We frequently get questions on Plants Map asking about the accession number field when adding a plant. Accession numbers are a numbering system so that each plant can be inventoried individually.
Imagine you planted a Dawn Redwood in 2013 and then you planted another one in 2014 near the first one. In several years they would appear roughly the same size. If you were trying to keep records on each specific tree you might get confused on which one was planted first.
If you labeled the tree and used accession numbers, each tree would have an ID that you could tie back to your records.
My method of creating a system for accession numbers was simply to use the four digits for the year followed by four digits for the order in which I purchased that plant or group of plants in that year. For instance, 20140051 is the 51st plant I acquired and I acquired it in 2014. I actually bought and planted 3 of them so in this case, they all got the same accession number and on the record, I noted in the quantity field that I acquired 3 of the same plant.
Before I started using Plants Map Tags, I would include the accession number on each plant tag or label but now that I can scan the QR code and it takes me directly to the listing on the site, the accession number is less important but I still like to record the order in which I acquired my plants.
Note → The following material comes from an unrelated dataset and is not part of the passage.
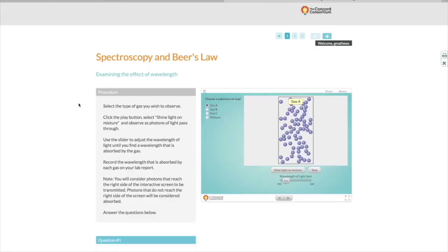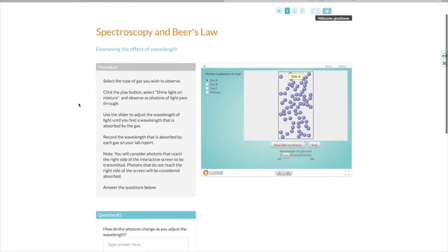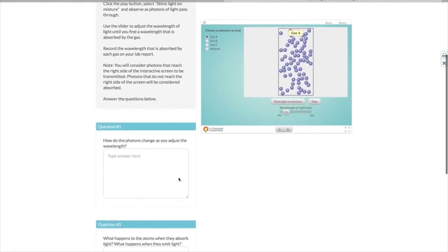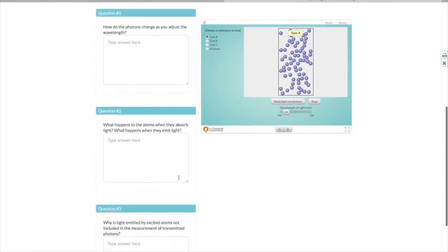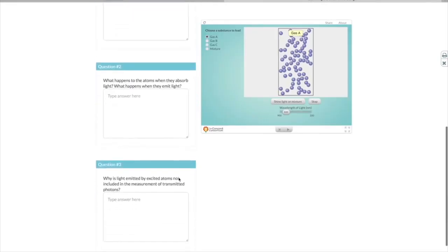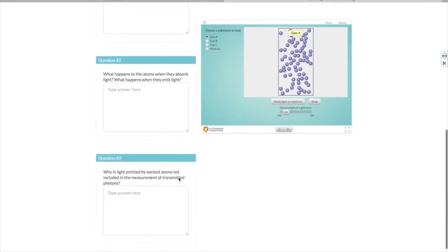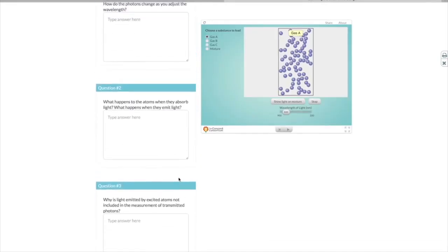Notice on the left side of the page you'll have instructions, and the right side will have a simulator. If you just follow the instructions on the left, it'll help you use the simulation. If you scroll down, you'll see that there are questions on the left that you need to answer as you're doing this activity. Make sure that you talk with your lab partner about them, because you'll turn in one report for both of you.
Many people using accession numbers have quite extensive systems allowing them to glance at a number and quickly learn a lot of information about that tree. I can’t begin to decipher Jerry Kral’s system but he knows what all of these characters represent. For his conifer Abies concolor ‘Kinky’ he uses GPK07ST3012AA. He created his own system and I bet that the first three letters are his initials and each part of the number means something to him when he glances at his tags.
The Arnold Arboretum accession number system (.pdf file) starts with the year, then a number for every plant in the order it was received. If multiple plants of the same kind are received at the same time, they add a letter. Following that, they use codes such as GR for ‘grafted plant’ or SG for ‘seedling’. They also include a letter for the source of the plant such as the letter W to denote ‘wild’ or the letter G for nursery or garden. Plant 376-2001-A is an Abies koreana or Korean Fir and it was the 376th plant received in 2001.
If you start to put an accession number ID system in place for your landscape records, my advice is to keep the code simple. A search for accession numbers in use at arboretums will yield the key to decode most of the systems they use.
Now, with the ability of a smartphone to scan a QR code on a plant identification tag that takes you directly to the listing in a database such as Plants Map, the accession number isn’t as important as it was when records were being kept on paper. I’ll keep using my system but I no longer need the number to be printed on the plant label. I just scan the Plants Map Tag!